Almost two-thirds of junior lawyers believe they should be allowed to refuse work that clashes with their personal beliefs, the research from legal firm Obelisk Support reveals.
Nearly 75 per cent wouldn’t join a firm whose values didn’t match their own while 86 per cent say they are looking to effect positive change through their legal work.
Issues like sustainability, climate change, diversity and ‘purpose’ are more important than profit for the next generation of lawyers, they claim.
The report also found that young lawyers believe cultural change in the law is being held back by older partners resentful at the thought of the next generation having it easier than they did.
Almost two-thirds of junior lawyers believe they should be allowed to refuse work that clashes with their personal beliefs, the research from legal firm Obelisk Support reveals (Stock Image)
Just 18 per cent of participants said that their current employer allows them to decline work on ethical grounds and only 58 per cent are working at a firm whose values match their own (Stock Image)
Just 18 per cent of participants said that their current employer allows them to decline work on ethical grounds and only 58 per cent are working at a firm whose values match their own.
Participants expressed frustration at the slow pace of cultural change, adding that it could not wait until they were in leadership positions before these changes are made.
Dana Denis-Smith, chief executive of Obelisk, said: ‘The next generation of lawyers is expecting the legal profession to shift to a business model that prioritises sustainability beyond profitability.’ The report, which surveyed 72 young lawyers from a range of legal firms as well as in-house, says its findings mean law firms must consider ‘which clients they are prepared to act for’.
As part of its research, Obelisk conducted a roundtable of legal leaders.
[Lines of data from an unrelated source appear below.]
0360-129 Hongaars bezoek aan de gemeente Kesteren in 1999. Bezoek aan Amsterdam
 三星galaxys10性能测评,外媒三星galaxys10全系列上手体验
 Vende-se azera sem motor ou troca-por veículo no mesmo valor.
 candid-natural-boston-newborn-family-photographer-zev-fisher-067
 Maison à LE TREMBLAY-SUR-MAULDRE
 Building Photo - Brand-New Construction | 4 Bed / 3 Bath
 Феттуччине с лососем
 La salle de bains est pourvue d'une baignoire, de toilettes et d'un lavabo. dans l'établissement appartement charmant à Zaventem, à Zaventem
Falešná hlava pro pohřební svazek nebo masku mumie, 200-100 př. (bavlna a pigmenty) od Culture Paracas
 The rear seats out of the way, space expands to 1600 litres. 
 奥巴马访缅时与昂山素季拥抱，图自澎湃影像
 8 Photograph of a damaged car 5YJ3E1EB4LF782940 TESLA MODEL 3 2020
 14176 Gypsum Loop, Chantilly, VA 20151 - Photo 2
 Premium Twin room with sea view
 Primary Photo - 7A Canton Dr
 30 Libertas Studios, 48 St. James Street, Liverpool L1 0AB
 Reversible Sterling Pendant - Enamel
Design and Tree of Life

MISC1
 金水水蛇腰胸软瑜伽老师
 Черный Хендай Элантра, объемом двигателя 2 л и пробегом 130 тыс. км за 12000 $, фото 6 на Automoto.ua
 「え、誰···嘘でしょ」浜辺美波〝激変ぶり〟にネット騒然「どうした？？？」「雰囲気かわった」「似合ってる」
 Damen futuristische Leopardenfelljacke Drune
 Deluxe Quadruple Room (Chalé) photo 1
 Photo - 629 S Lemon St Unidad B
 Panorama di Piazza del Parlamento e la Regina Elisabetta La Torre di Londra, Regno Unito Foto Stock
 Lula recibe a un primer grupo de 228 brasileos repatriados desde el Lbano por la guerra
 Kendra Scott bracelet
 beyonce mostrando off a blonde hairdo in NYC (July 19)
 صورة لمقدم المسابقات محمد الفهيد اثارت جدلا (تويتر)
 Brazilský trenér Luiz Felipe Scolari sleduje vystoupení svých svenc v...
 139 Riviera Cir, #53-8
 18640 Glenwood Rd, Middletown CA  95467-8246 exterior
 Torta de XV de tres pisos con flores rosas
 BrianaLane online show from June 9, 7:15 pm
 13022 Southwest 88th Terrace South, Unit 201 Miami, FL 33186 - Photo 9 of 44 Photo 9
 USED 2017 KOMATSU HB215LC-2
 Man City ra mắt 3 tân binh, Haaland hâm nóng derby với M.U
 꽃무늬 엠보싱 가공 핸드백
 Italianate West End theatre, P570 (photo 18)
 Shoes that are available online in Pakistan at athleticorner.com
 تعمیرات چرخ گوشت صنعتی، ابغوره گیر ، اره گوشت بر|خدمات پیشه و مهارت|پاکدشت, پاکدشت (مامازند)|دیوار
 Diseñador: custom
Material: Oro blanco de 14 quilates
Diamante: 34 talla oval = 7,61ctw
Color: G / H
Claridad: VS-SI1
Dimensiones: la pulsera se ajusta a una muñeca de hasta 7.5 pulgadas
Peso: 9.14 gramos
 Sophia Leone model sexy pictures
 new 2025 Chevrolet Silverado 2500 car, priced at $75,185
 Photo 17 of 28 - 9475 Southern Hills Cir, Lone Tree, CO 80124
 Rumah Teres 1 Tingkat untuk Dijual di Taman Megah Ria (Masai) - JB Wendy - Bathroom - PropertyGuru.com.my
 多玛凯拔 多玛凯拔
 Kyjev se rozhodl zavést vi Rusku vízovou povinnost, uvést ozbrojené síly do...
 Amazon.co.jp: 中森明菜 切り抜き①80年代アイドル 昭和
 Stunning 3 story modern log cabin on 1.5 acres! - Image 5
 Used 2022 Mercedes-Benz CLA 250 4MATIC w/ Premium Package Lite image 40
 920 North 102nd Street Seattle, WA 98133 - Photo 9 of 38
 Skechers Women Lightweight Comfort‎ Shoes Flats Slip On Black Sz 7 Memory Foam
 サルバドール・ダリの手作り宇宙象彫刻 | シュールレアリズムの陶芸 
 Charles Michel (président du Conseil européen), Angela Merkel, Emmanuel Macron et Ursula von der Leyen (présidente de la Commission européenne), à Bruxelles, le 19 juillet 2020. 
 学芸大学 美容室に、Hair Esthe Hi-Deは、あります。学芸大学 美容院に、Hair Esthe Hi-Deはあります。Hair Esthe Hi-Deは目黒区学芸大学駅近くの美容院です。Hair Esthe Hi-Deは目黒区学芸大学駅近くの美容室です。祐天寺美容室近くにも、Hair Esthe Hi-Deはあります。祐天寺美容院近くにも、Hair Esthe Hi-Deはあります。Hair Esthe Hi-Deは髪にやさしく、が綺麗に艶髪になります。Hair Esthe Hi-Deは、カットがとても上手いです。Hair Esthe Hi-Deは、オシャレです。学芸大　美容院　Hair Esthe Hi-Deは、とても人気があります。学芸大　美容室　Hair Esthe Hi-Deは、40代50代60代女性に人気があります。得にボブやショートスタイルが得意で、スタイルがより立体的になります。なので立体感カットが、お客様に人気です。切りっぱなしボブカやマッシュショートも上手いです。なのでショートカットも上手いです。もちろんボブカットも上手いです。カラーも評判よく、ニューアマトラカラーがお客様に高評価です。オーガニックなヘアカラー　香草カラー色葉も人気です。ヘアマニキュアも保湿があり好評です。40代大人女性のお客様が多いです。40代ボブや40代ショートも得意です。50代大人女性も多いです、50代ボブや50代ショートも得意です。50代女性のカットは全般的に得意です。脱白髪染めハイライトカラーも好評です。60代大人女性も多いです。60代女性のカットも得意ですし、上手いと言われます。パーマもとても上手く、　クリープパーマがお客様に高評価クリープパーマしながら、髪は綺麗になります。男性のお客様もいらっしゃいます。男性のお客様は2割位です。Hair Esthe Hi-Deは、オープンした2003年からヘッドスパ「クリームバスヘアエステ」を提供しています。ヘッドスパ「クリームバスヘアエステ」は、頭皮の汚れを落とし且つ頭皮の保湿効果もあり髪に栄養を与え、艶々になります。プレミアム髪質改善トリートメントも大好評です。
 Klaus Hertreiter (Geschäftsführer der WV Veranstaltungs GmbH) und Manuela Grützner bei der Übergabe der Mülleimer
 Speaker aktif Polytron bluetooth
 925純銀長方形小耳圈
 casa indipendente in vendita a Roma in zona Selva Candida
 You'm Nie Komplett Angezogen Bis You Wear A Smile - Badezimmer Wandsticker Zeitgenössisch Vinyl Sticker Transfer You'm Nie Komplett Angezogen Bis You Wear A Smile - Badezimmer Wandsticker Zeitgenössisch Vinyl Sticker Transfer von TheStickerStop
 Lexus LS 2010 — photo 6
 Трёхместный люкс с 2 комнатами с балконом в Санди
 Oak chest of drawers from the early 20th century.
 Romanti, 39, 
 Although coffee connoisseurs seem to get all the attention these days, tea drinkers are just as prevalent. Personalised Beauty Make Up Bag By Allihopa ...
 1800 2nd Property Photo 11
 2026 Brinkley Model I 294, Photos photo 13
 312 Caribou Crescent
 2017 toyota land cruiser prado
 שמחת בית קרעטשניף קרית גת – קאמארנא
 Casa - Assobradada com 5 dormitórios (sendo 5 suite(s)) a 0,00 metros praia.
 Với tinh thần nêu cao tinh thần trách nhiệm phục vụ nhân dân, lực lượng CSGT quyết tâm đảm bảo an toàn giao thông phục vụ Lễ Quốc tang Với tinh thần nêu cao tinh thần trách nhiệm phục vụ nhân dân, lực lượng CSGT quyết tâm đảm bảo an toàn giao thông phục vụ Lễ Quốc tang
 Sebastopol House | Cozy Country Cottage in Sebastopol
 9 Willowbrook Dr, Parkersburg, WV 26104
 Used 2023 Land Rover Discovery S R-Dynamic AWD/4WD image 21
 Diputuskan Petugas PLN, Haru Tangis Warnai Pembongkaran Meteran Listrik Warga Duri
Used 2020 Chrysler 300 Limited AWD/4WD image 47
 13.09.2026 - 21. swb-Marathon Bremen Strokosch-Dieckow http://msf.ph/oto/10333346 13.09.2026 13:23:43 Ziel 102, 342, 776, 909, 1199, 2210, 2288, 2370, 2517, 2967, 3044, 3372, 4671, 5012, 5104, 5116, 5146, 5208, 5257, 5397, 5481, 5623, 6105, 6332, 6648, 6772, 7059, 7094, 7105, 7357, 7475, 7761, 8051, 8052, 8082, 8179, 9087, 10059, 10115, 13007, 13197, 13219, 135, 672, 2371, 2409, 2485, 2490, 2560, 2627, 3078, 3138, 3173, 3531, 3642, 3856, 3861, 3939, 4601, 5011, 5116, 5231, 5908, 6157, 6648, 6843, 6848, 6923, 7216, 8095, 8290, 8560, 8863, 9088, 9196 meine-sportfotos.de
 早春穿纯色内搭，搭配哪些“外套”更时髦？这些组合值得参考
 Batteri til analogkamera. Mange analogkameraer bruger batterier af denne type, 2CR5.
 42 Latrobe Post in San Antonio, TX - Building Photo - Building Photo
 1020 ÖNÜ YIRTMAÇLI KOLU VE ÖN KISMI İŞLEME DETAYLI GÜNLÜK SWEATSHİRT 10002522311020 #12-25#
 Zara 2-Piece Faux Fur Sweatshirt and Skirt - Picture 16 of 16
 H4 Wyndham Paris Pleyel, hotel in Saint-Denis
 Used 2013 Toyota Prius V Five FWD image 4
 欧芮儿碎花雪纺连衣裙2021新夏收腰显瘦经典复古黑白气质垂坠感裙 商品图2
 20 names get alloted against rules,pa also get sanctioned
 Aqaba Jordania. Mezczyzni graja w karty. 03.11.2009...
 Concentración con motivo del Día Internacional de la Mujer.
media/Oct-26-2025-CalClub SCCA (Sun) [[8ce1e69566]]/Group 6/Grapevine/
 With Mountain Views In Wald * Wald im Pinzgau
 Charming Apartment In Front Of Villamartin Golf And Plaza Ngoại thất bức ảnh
One of those taking part, Grace Kendrick, an associate at firm CMS, said it was important for young lawyers to know their personal limits.
She said: ‘Especially working in a big City firm, there are other people who could step up and do that work if you genuinely don’t feel comfortable doing it and your firm should want you to do the best you can.’ Ms Kendrick said that she knows a lifelong vegan at another firm who was allowed to refuse to work for a fishing company, for example.
She added: ‘We talk about these things because we know it’s important, and the more you talk about it and share your experience, it can inspire those behind you and it can help them to break the barriers too, making a much more diverse workplace.’
Another unnamed associate lawyer told the roundtable: ‘There is something among the older generation where, either consciously or sub-consciously, they think ‘I worked bloody hard to get into this profession and no one cared about my mental health. I worked long hours. Why should the younger generation get away with a nicer culture?’ Perhaps there is a bit of resentment there.’